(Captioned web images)
--------
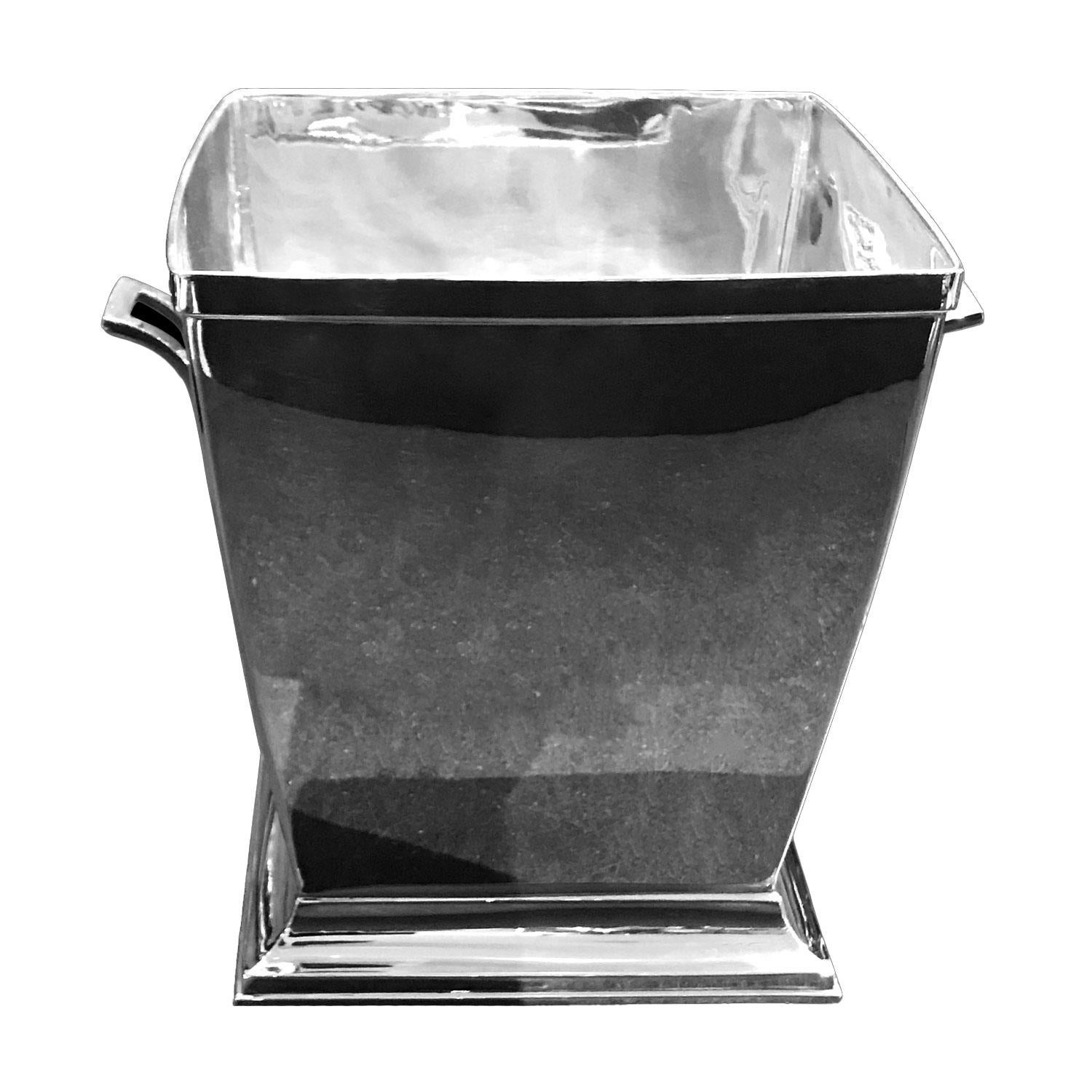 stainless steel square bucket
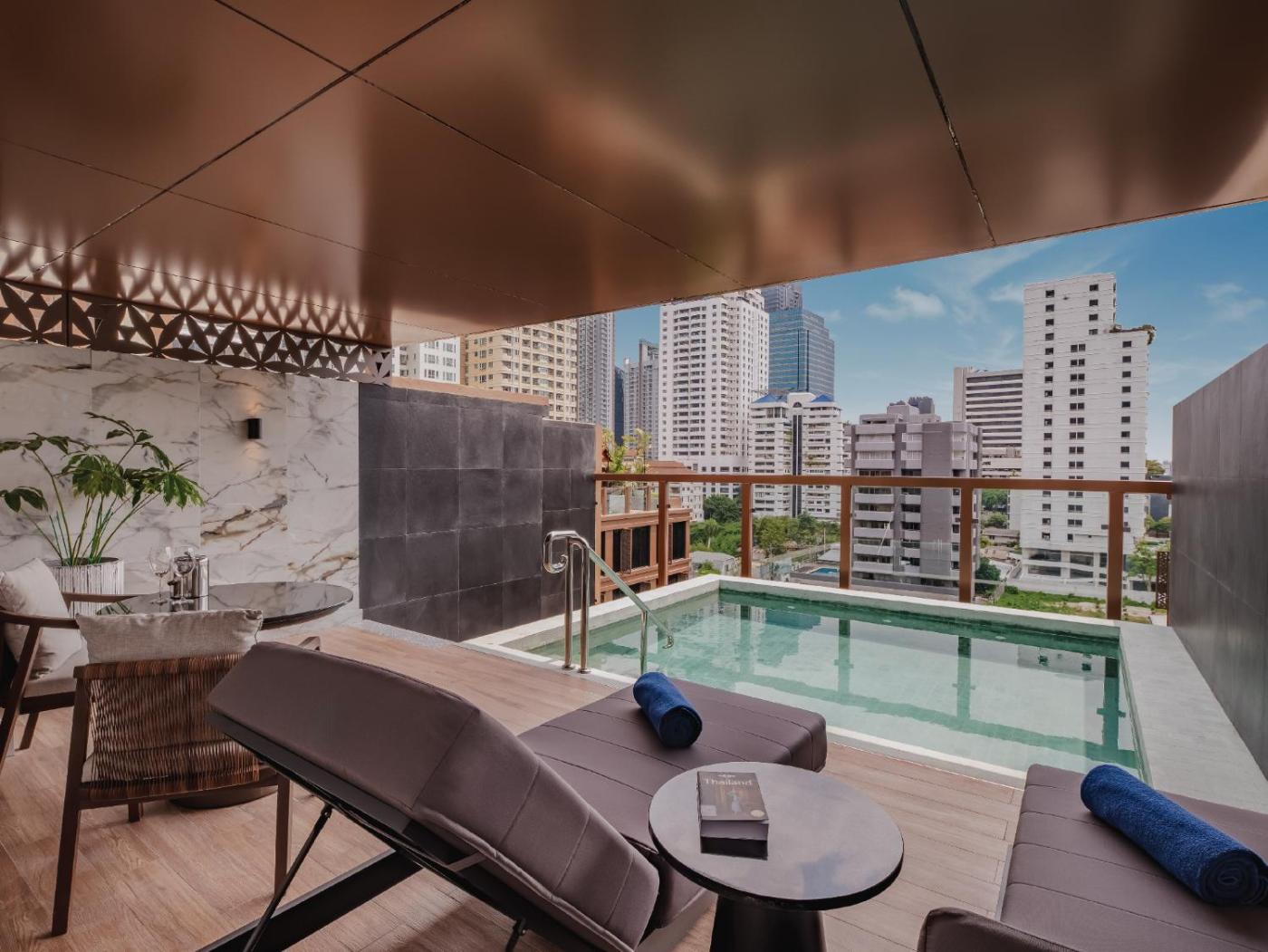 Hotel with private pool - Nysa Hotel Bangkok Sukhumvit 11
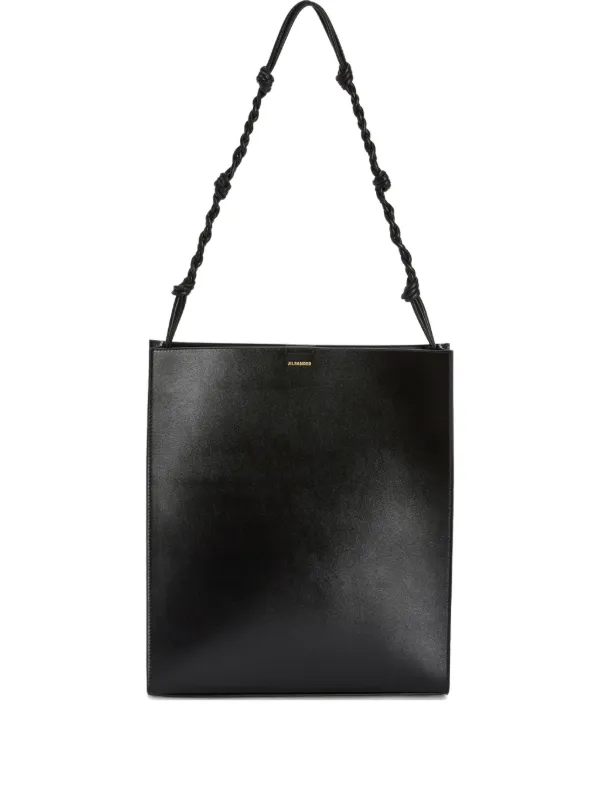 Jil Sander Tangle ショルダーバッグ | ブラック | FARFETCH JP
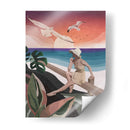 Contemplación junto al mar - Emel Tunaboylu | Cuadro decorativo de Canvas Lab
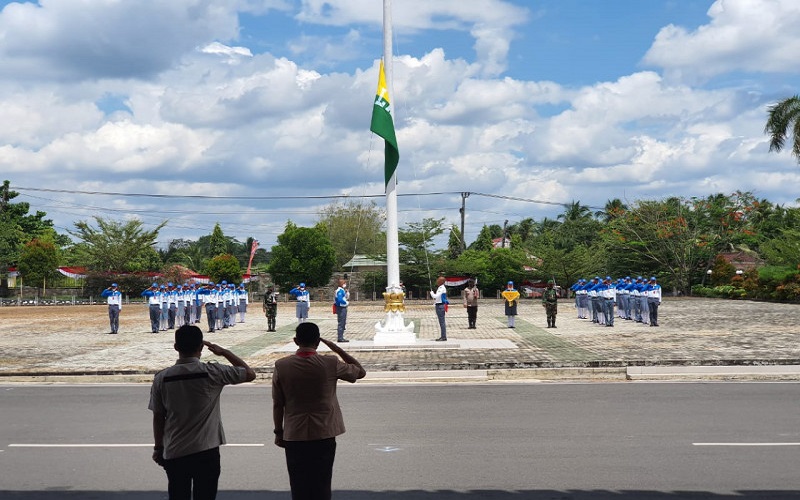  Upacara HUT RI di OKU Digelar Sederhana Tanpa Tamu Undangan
--------
**REQUIRED ACTION:**
In the records above, find the line containing "Hotel with private", then write out exactly that line and every later one through the last, omitting pictures.

**TASK SOLUTION:**
 Hotel with private pool - Nysa Hotel Bangkok Sukhumvit 11
 Jil Sander Tangle ショルダーバッグ | ブラック | FARFETCH JP
 Contemplación junto al mar - Emel Tunaboylu | Cuadro decorativo de Canvas Lab
  Upacara HUT RI di OKU Digelar Sederhana Tanpa Tamu Undangan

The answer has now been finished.